Stored items from a collection
---*---

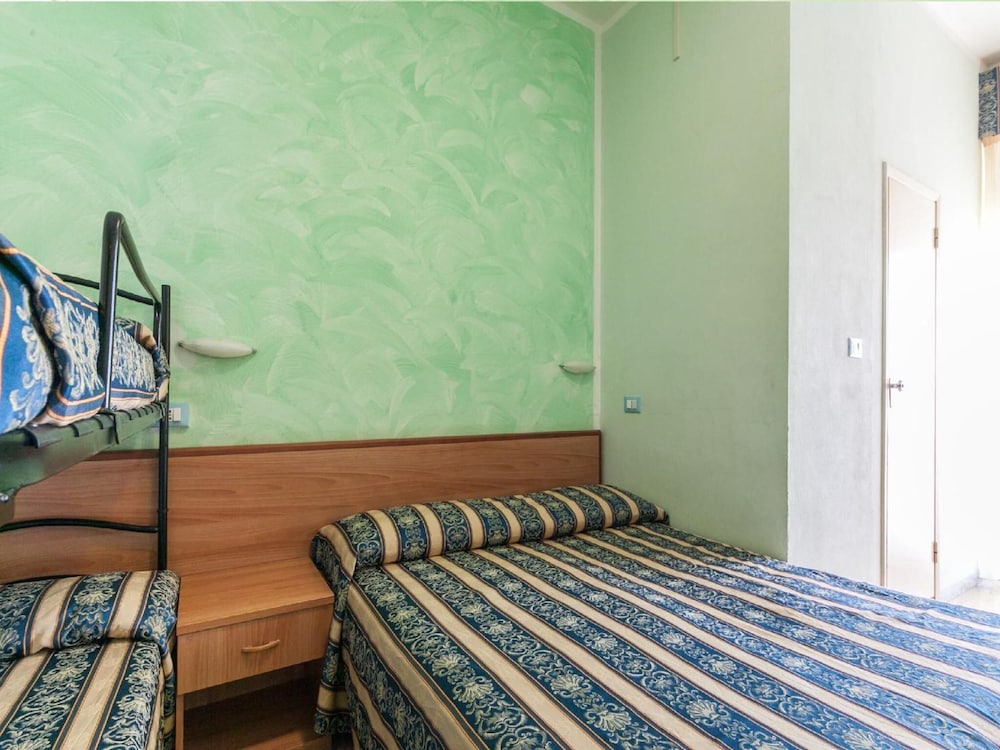 Classic Quadruple Room photo 3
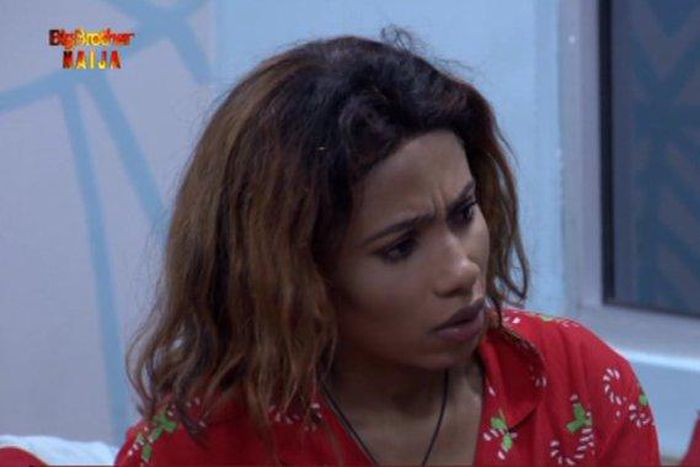 Mercy  lit up the 4th Saturday Night Party when she broke an Oppo phone. (Twitter/BBNaija)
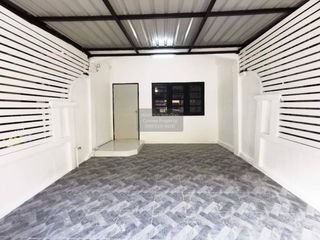 Casa adosada en venta de 5 habitaciones en Krathum Baen, Samut Sakhon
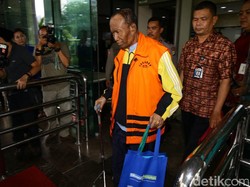 KPK Tambah Masa Tahanan Tersangka Korupsi e-KTP Sugiharto 40 Hari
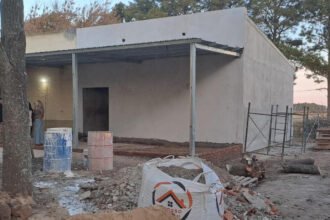 Avanza la construcción de una nueva aula en la Escuela Agrotécnica de la ciudad de San Justo, como parte del plan de ampliación de la infraestructura educativa en el departamento.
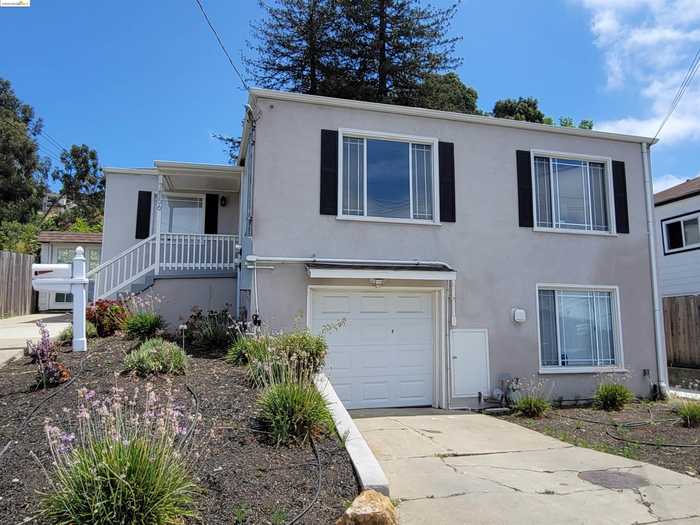 photo 1: 7856 Ney Ave, Oakland CA 94605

---*---

What you are asked to do: Repeat each record exactly as shown above, dropping all images.

Response to this exercise:
 Classic Quadruple Room photo 3
 Mercy  lit up the 4th Saturday Night Party when she broke an Oppo phone. (Twitter/BBNaija)
 Casa adosada en venta de 5 habitaciones en Krathum Baen, Samut Sakhon
 KPK Tambah Masa Tahanan Tersangka Korupsi e-KTP Sugiharto 40 Hari
 Avanza la construcción de una nueva aula en la Escuela Agrotécnica de la ciudad de San Justo, como parte del plan de ampliación de la infraestructura educativa en el departamento.
 photo 1: 7856 Ney Ave, Oakland CA 94605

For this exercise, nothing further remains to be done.